Task goal ::
Only one stretch of the material below is wanted: everything from the line containing "Once you press" down to the line containing "Hello, today we're", both ends included. Repeat it exactly and skip the pictures.

================================

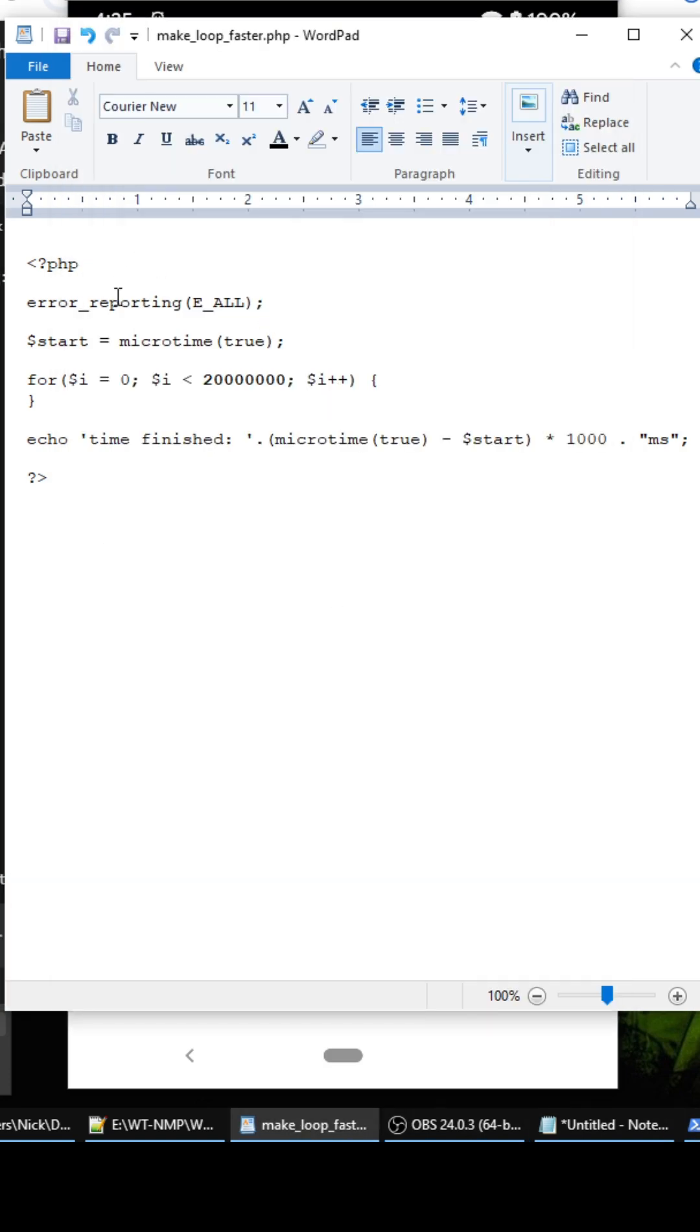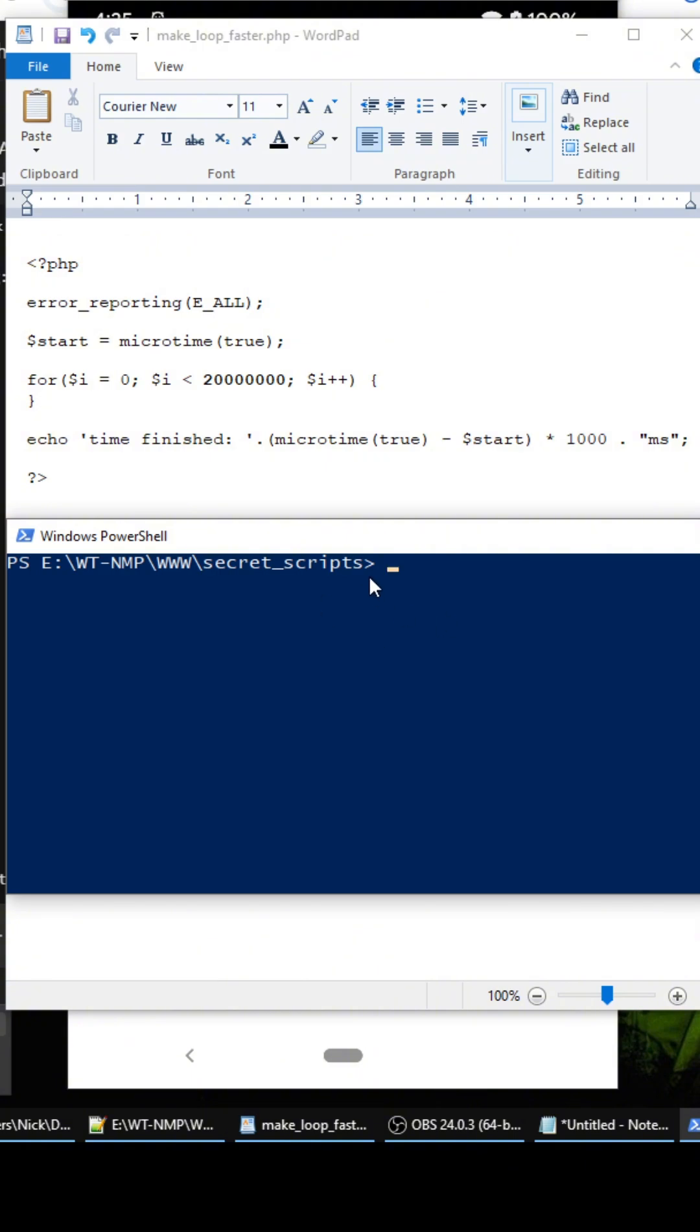I added this at the top right here and it's bold. I also opened up PowerShell here so we can just do php make_loop_faster.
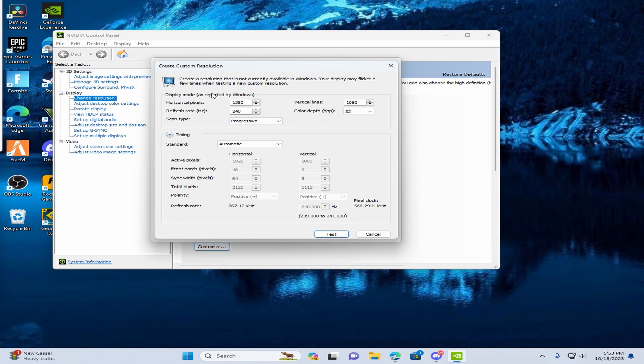Once you press create custom resolution, when you see horizontal pixels, put this at whatever you want your stretch resolution to be. And keep the vertical lines at 1080.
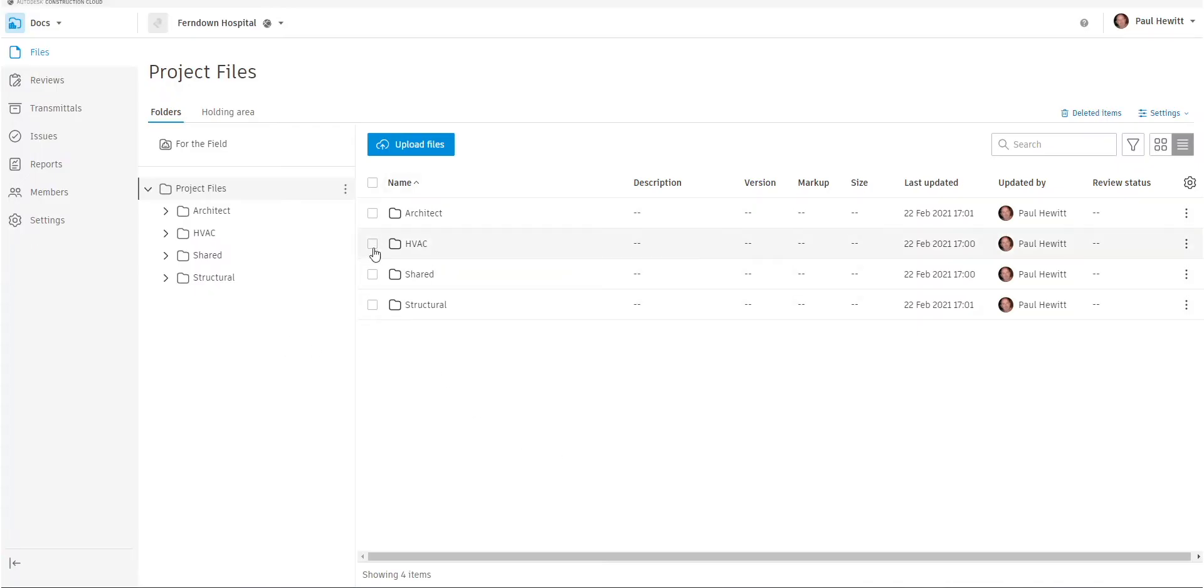Hello, today we're going to have a look at the Autodesk Construction Cloud and Autodesk Docs and have a look at the review option.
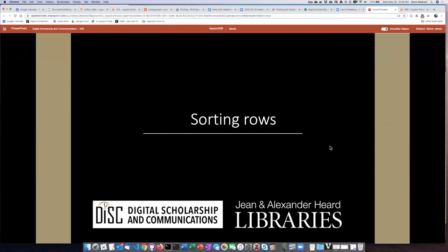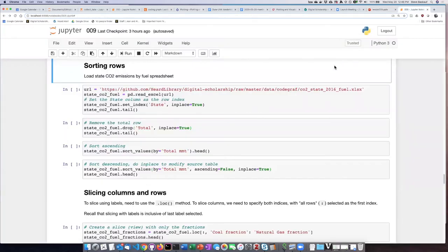A very common action you might want to perform on a table is to sort the rows by one of the columns. If that column contains strings, we would essentially be alphabetizing the rows. If it's numbers, we could order the rows by increasing or decreasing values. It's actually quite easy to do this sorting.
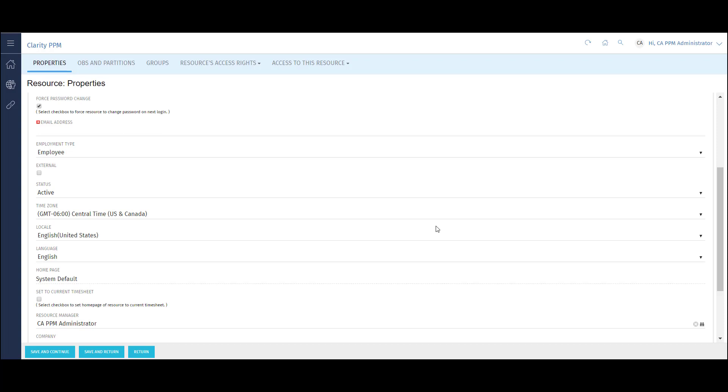Next, I'll click the Save and Continue button. This will save the newly created user and take me to the OBS selection screen. For the sake of this video, I'll continue with the user that is already created from here.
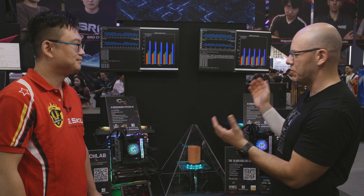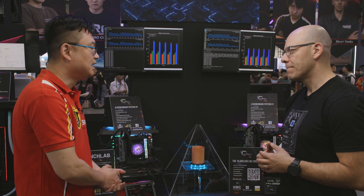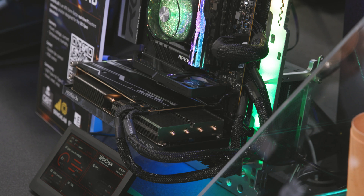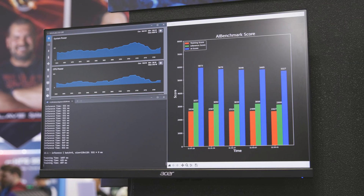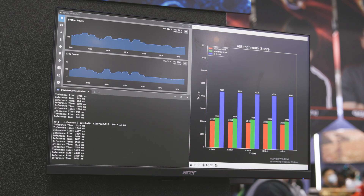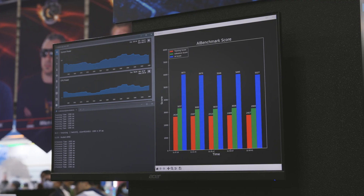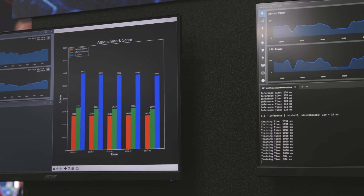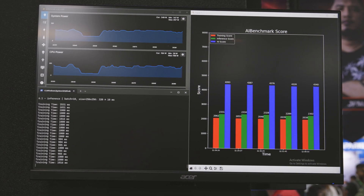So right here we have two systems set up for AI benchmarks. One is running at DDR5-5200 defaults and the other has overclocked memory at DDR5-8200. We are running an AI benchmark to compare the performance of the two, running through 19 different models to test for AI performance — both training and inference. On the graph, the blue is the combined score for training and inference, and the 8200 memory kit system is higher by about 15 percent.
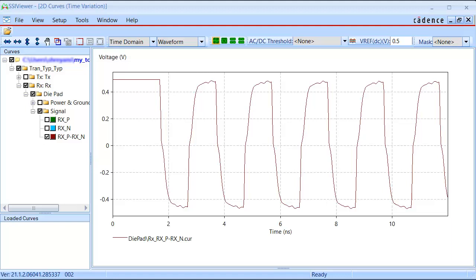On successful completion of the simulation run, the SSI viewer window opens. You can select signals of the VIA block that connect to the transmitter and receiver blocks, respectively, to review the simulation waveform results generated between these blocks.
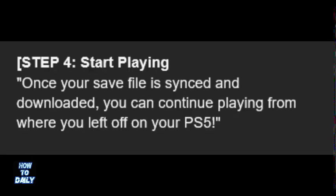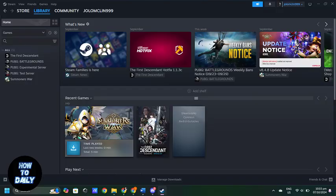Once your save file is synced and downloaded, you can continue playing from where you left off on your PS5. And that is how you transfer Steam saves to PS5.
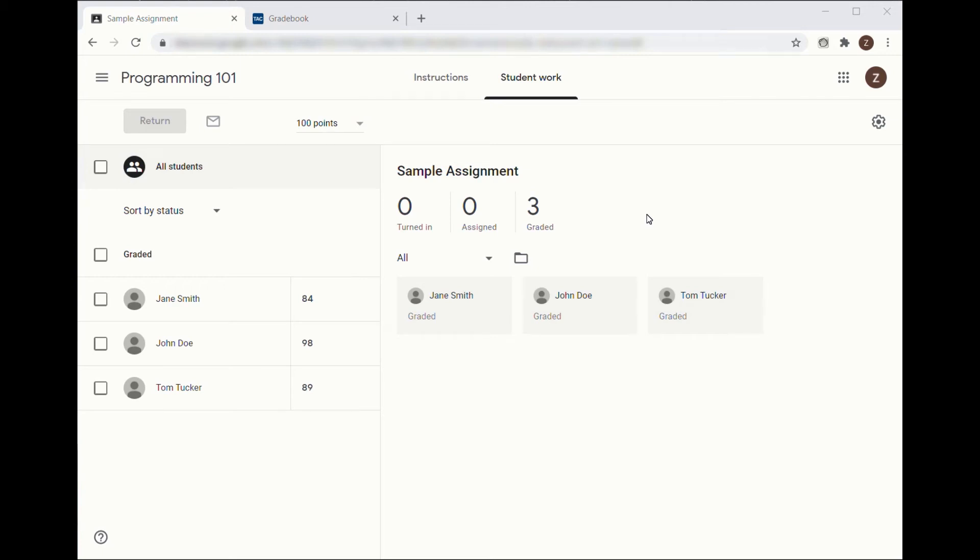To move grades from Google Classroom to Teacher Access Center, first open the assignment in Classroom that you wish to use.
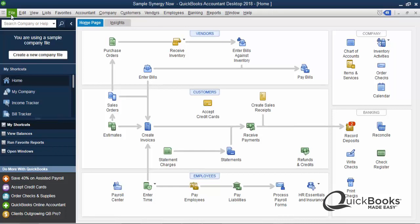Hey, welcome to QuickBooks Made Easy's Quick Tips. This is a tip for March 2018. I am Greg Bossen. I'm in the middle of tax season so I don't have a whole lot of time, but we're going to do something that I get a lot of questions about, which is not numbers related, which is kind of nice.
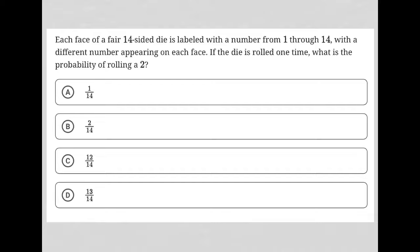This question says each face of a fair 14-sided die is labeled with a number from 1 through 14, with a different number appearing on each face. So just imagine a die that has 14 sides and each side is numbered 1 through 14.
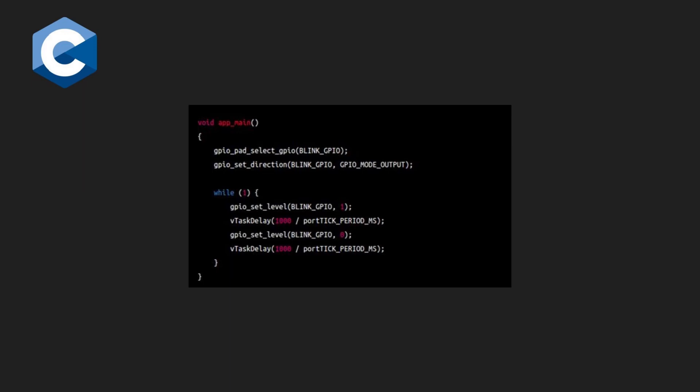Finally, we enter a loop where we set the pin low, delay for one second using the vTask delay function, set the pin high, delay for one second again, and repeat indefinitely.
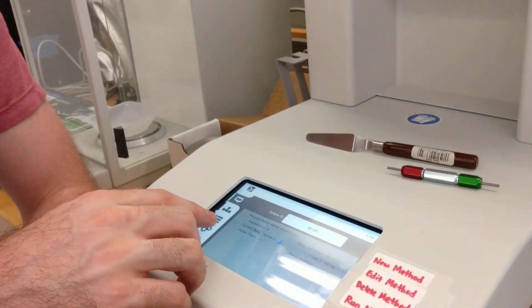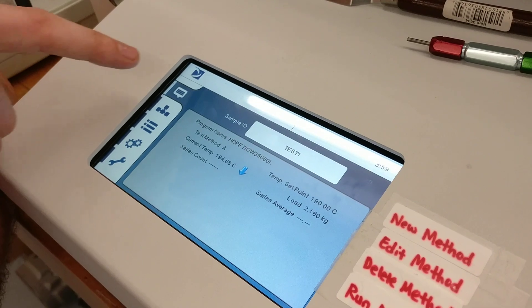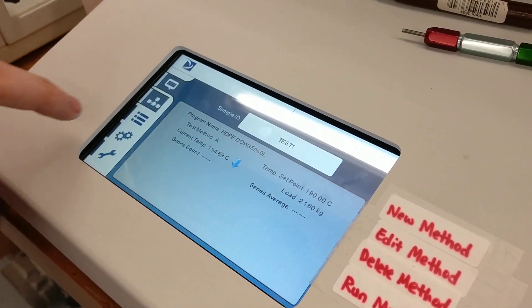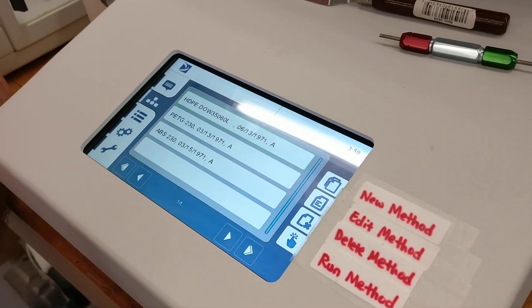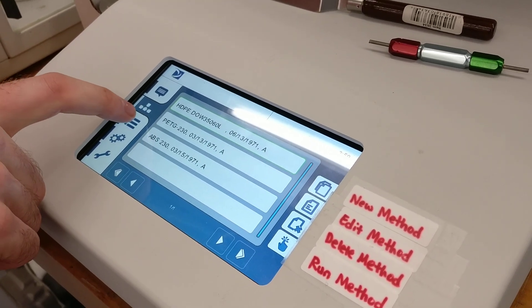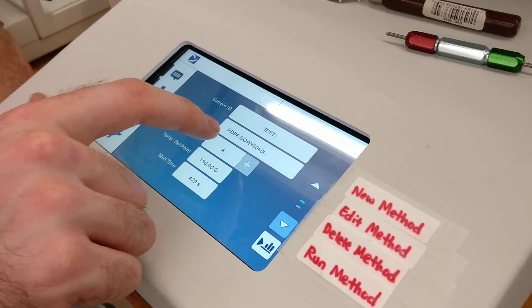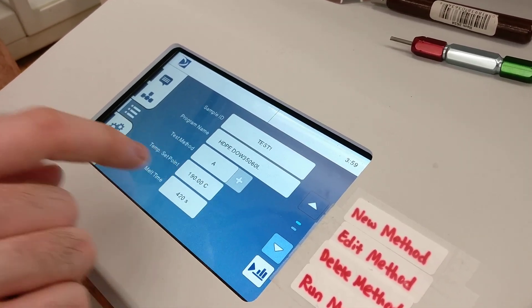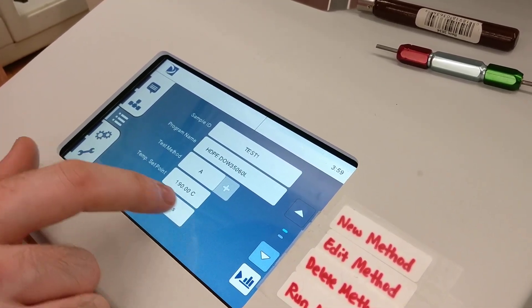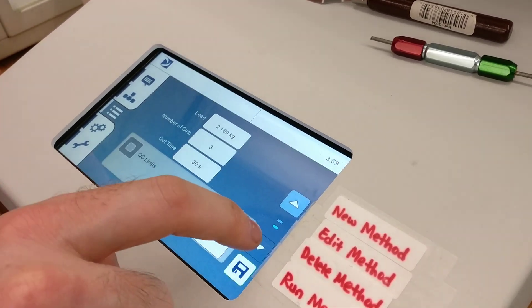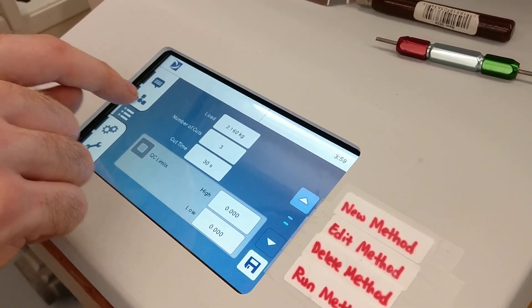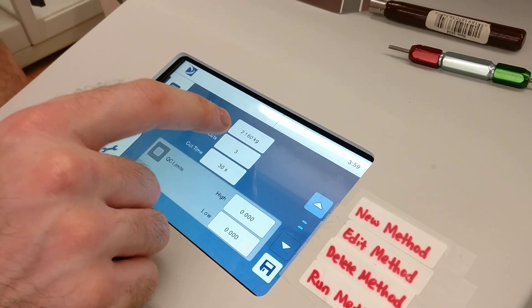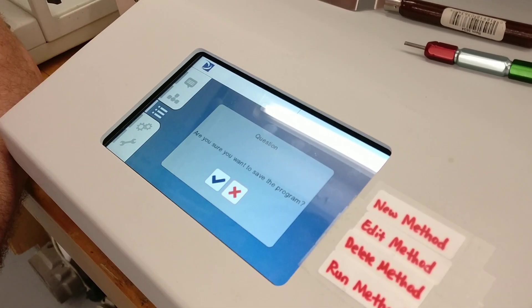You can see what the current temperature is and what the temperature set point is. Go down to the second button and you'll see a list of methods. If you need to make a new one for your plastic, click the third button. You can input a new program name, the set point temperature. The melt time should be around 420 seconds by default. Hit the down arrow, and then the load will be constant, 2.16 kilograms, and then three cuts with 30 seconds each. Then click the save icon here.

================================

Task solution ::
Once you press create custom resolution, when you see horizontal pixels, put this at whatever you want your stretch resolution to be. And keep the vertical lines at 1080.
Hello, today we're going to have a look at the Autodesk Construction Cloud and Autodesk Docs and have a look at the review option.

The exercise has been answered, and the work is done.